The above mentioned gentleman wrote a book on C.S. Lewis's argument from reason against naturalism. He bassically argues that evolution cannot account for our reasoning abilities. It could just be a survival instinct that pursues our survival but if that is the case than we can't trust it. Because even lies can aid in survival, never going outside so you don't get robbed for instance. 

Has anyone read it and what does anyone think, regardless if you've read it or not?


----------



## jw (Jun 28, 2019)

jwright82 said:


> Has anyone read it . . . ?


It's highly likely.

Reactions: Informative 1


----------



## RamistThomist (Jun 29, 2019)

I haven't read that book, but it's basically an early form of the Evolutionary Argument Against Naturalism. My believing a belief to be true or false is irrelevant to my neurons firing as a mechanism for survival. A belief isn't the same thing as a reaction.

In other words, I can believe something to be false, but if I am simply wired for survival, who cares whether my belief is false?


----------



## jwright82 (Jun 29, 2019)

BayouHuguenot said:


> I haven't read that book, but it's basically an early form of the Evolutionary Argument Against Naturalism. My believing a belief to be true or false is irrelevant to my neurons firing as a mechanism for survival. A belief isn't the same thing as a reaction.
> 
> In other words, I can believe something to be false, but if I am simply wired for survival, who cares whether my belief is false?
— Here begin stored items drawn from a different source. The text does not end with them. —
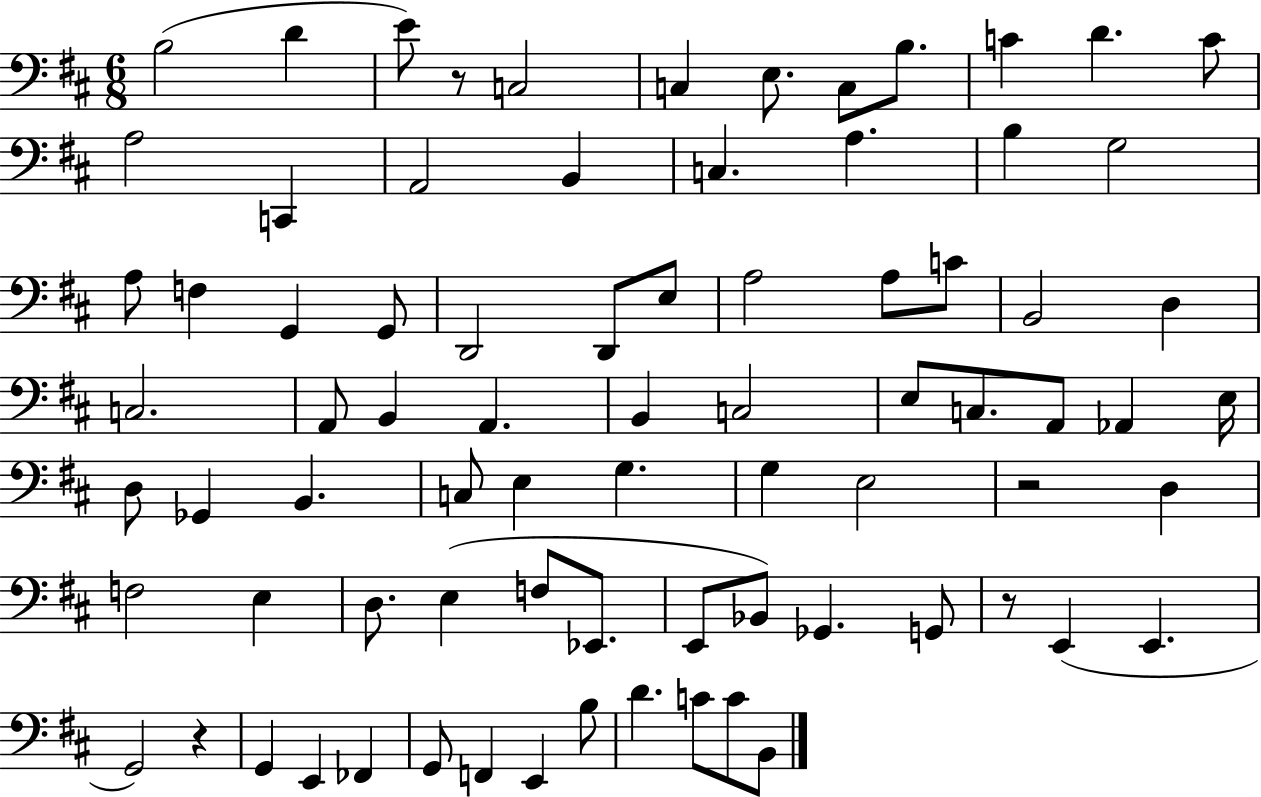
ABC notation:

X:1
T:Untitled
M:6/8
L:1/4
K:D
B,2 D E/2 z/2 C,2 C, E,/2 C,/2 B,/2 C D C/2 A,2 C,, A,,2 B,, C, A, B, G,2 A,/2 F, G,, G,,/2 D,,2 D,,/2 E,/2 A,2 A,/2 C/2 B,,2 D, C,2 A,,/2 B,, A,, B,, C,2 E,/2 C,/2 A,,/2 _A,, E,/4 D,/2 _G,, B,, C,/2 E, G, G, E,2 z2 D, F,2 E, D,/2 E, F,/2 _E,,/2 E,,/2 _B,,/2 _G,, G,,/2 z/2 E,, E,, G,,2 z G,, E,, _F,, G,,/2 F,, E,, B,/2 D C/2 C/2 B,,/2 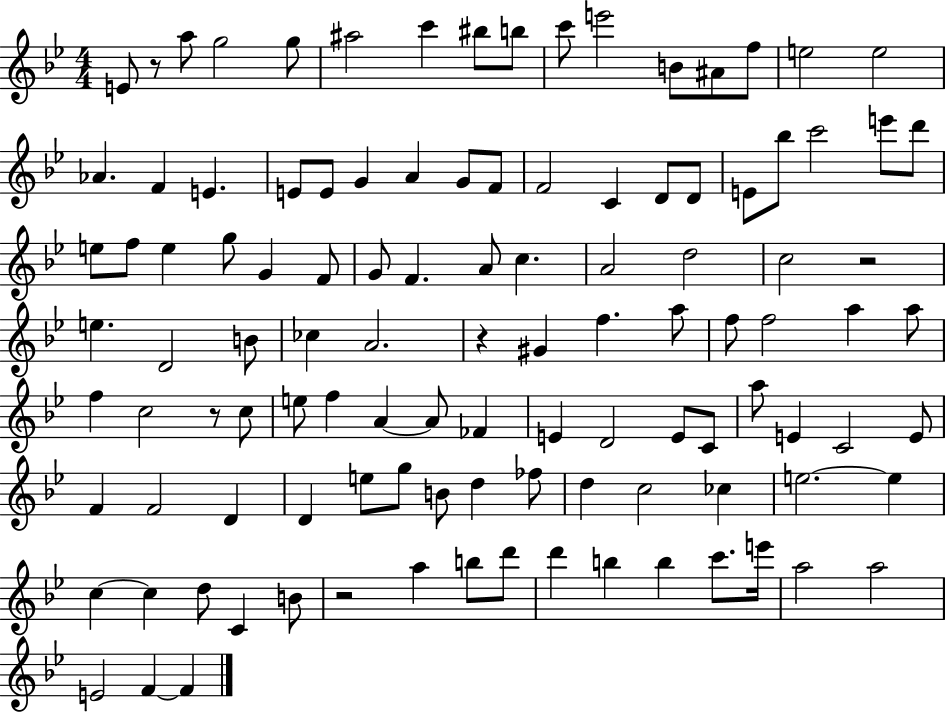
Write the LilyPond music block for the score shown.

{
  \clef treble
  \numericTimeSignature
  \time 4/4
  \key bes \major
  e'8 r8 a''8 g''2 g''8 | ais''2 c'''4 bis''8 b''8 | c'''8 e'''2 b'8 ais'8 f''8 | e''2 e''2 | \break aes'4. f'4 e'4. | e'8 e'8 g'4 a'4 g'8 f'8 | f'2 c'4 d'8 d'8 | e'8 bes''8 c'''2 e'''8 d'''8 | \break e''8 f''8 e''4 g''8 g'4 f'8 | g'8 f'4. a'8 c''4. | a'2 d''2 | c''2 r2 | \break e''4. d'2 b'8 | ces''4 a'2. | r4 gis'4 f''4. a''8 | f''8 f''2 a''4 a''8 | \break f''4 c''2 r8 c''8 | e''8 f''4 a'4~~ a'8 fes'4 | e'4 d'2 e'8 c'8 | a''8 e'4 c'2 e'8 | \break f'4 f'2 d'4 | d'4 e''8 g''8 b'8 d''4 fes''8 | d''4 c''2 ces''4 | e''2.~~ e''4 | \break c''4~~ c''4 d''8 c'4 b'8 | r2 a''4 b''8 d'''8 | d'''4 b''4 b''4 c'''8. e'''16 | a''2 a''2 | \break e'2 f'4~~ f'4 | \bar "|."
}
Exactly. He also deals with Alice Anscombe's critique of it and Lewis's reworking of it in response. Very fascinating.


----------



## Bill The Baptist (Jun 30, 2019)

There is also a shorter and a bit more technical discussion of this contained in “The Blackwell Companion to Natural Theology.”

Reactions: Like 1


----------



## jwright82 (Jul 4, 2019)

Anscombe's argument was basically Wittgensteinianin nature. She argued that reasons explanations are not the same thing as physical eplanations, two different language games. What's true of one doesn't have to be true of the other. As long as they both make sense. Lewis reworked his argument to answer her.


----------



## jwright82 (Jul 10, 2019)

BayouHuguenot said:


> I haven't read that book, but it's basically an early form of the Evolutionary Argument Against Naturalism. My believing a belief to be true or false is irrelevant to my neurons firing as a mechanism for survival. A belief isn't the same thing as a reaction.
> 
> In other words, I can believe something to be false, but if I am simply wired for survival, who cares whether my belief is false?


How would you answer Anscombe's criticism? Basically Wittgensteinian.


----------